--- GIVEN MATERIAL ---
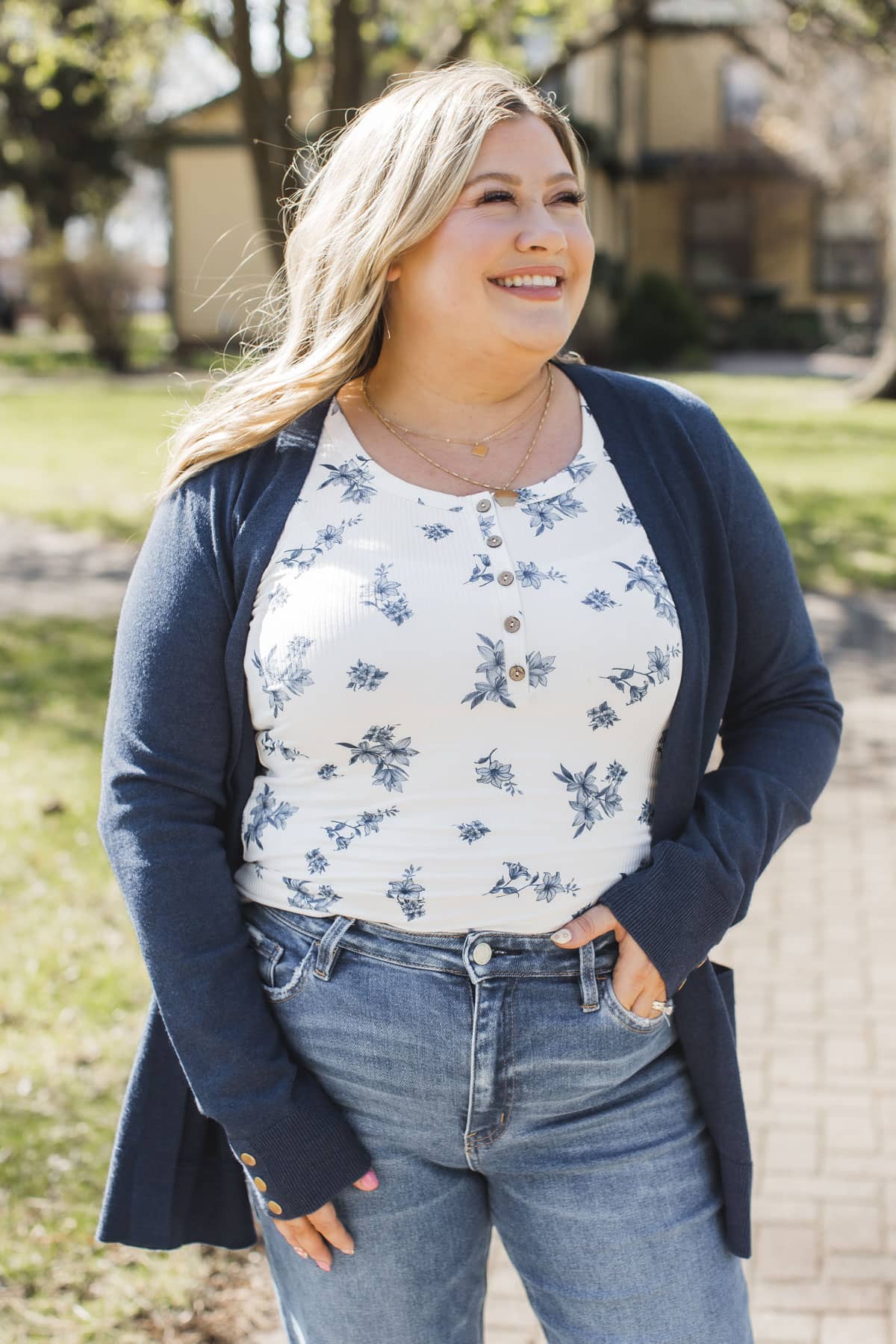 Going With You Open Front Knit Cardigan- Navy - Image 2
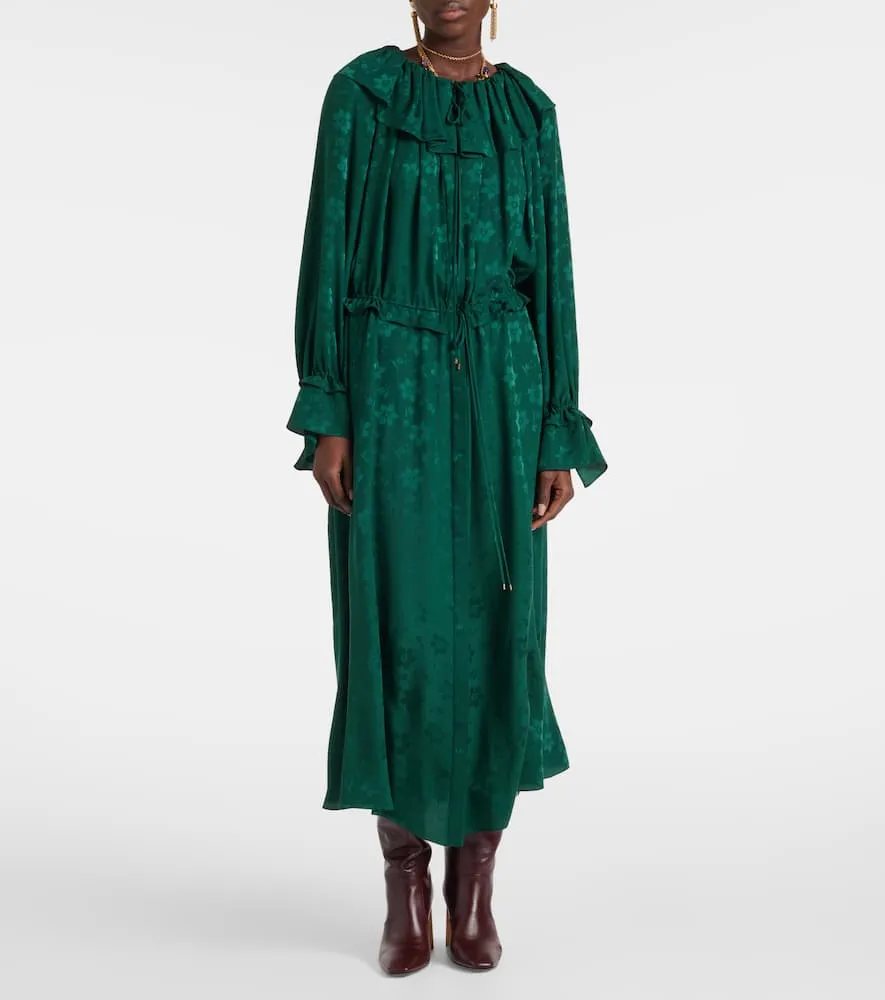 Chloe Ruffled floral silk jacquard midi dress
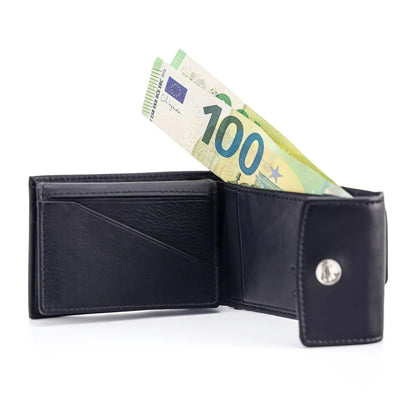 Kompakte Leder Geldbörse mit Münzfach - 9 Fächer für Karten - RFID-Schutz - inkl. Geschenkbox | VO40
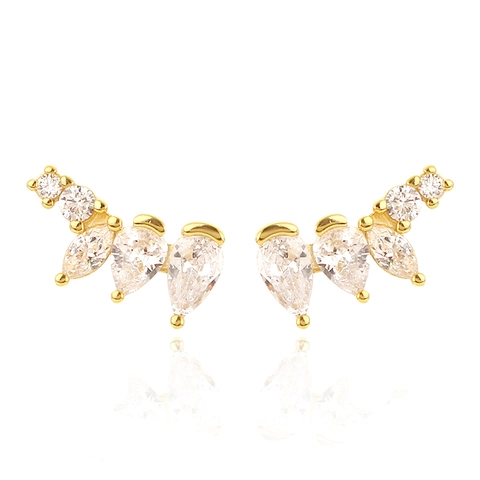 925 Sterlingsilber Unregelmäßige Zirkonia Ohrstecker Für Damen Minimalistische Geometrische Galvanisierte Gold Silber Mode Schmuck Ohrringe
---
• **EXERCISE GOAL**: Every line from the one with "Chloe Ruffled floral" through the end of the material above should be restated word for word, with the pictures left out.

• **OUTPUT FOR THIS EXERCISE**:
 Chloe Ruffled floral silk jacquard midi dress
 Kompakte Leder Geldbörse mit Münzfach - 9 Fächer für Karten - RFID-Schutz - inkl. Geschenkbox | VO40
 925 Sterlingsilber Unregelmäßige Zirkonia Ohrstecker Für Damen Minimalistische Geometrische Galvanisierte Gold Silber Mode Schmuck Ohrringe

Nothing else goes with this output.